|Cai, X - PLNT SCI, NDSU, FARGO, ND|
|Wang, T. - PLNT SCI, NDSU, FARGO, ND|
|Harris, M. - ENT DEPT, NDSU, FARGO, ND|
Submitted to: Crop Science
Publication Type: Peer Reviewed Journal
Publication Acceptance Date: December 6, 2005
Publication Date: April 25, 2006
Citation: Xu, S.S., Cai, X., Wang, T., Harris, M.O., Friesen, T.L. 2006. Registration of two synthetic hexaploid wheat germplasms resistant to hessian fly. Crop Science. 46:1401-1402. Interpretive Summary: Hessian fly is one of the serious pests of wheat around the world and it is found in all major wheat-growing areas in the United States. Outbreaks of Hessian fly can cause serious yield losses in wheat production. Although various approaches can be applied to the control of the pest, the most effective and efficient approach is to deploy wheat cultivars carrying genetic resistance.
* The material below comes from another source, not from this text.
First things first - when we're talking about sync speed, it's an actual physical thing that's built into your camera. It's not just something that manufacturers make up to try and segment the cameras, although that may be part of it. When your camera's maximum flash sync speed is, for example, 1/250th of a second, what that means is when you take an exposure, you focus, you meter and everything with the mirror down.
Thus far, a total of 31 resistance genes to Hessian fly have been identified in wheat and related species and some of them have been used in commercial wheat cultivars. Since the fly could overcome the defenses of resistant varieties by evolving into new strains, there is a need to search for new resistance and to develop adapted germplasms with new resistance. Synthetic wheat, developed by combining genetic factors from tetraploid wheats and a goat-grass species (Aegilops tauschii), have been proved as an excellent source with potential new resistance to Hessian fly. In previous studies, we identified three spring-type synthetic wheat lines (SW8, SW34, and SW39) highly resistant to Hessian fly. Since these synthetic wheat lines have the same genetic constitutions as bread wheat, the resistance genes can be directly transferred into bread wheat using conventional breeding approaches. By registering theses synthetic wheat lines, wheat breeders will be able to use them to develop bread wheat cultivars resistant to Hessian fly.
Technical Abstract: Technical Abstract: Three spring-type synthetic hexaploid wheat (SHW) lines SW8, SW34 and SW39 were released as germplasms with resistance to Hessian fly [Mayetiola destructor (Say)]. In the 1980s, USDA geneticist L.R. Joppa developed a number of SHW lines from partially fertile F1 hybrids between ‘Langdon’ durum wheat (Triticum turgidum L. ssp. durum) and various accessions of Aegilops tauschii Cosson. In previous study, we evaluated 39 of these SHW lines and Langdon for resistance to Hessian fly Great Plains (GP) biotype. The results indicated that SW8 (Langdon/A. tauschii CIae 25), SW34 (Langdon/A. tauschii RL 5544), and SW39 (Langdon/A. tauschii RL 5561) were highly resistant to GP biotype whereas Langdon was susceptible, suggesting that the resistance in the SHW lines was controlled by a gene(s) on the D-genome chromosomes from A. tauschii. Thus far, five (H13, H22, H23, H24, and H26) of 31 Hessian fly resistance genes were identified from A. tauschii. The resistance gene H13 from A. tauschii has been deployed in a soft winter wheat cultivar in the United States. To test if the resistance in SW8, SW34, and SW39 is controlled by H13, we further evaluated the lines for their resistance to a Hessian fly H13-virulent strain, which has the virulence gene vH13 that overcomes the resistance conditioned by H13. The results showed that SW8 was resistant to the H13-virulence strain but SW34 and SW39 were susceptible. Therefore, SW34 and SW39 may carry H13, but the resistance in SW8 is not controlled by H13. Since these SHW lines have the same genomic constitutions as bread wheat, the resistance genes can be directly transferred into bread wheat using conventional breeding approaches. Therefore, the three SHW lines are useful germplasms for wheat breeders to develop bread wheat cultivars resistant to Hessian fly.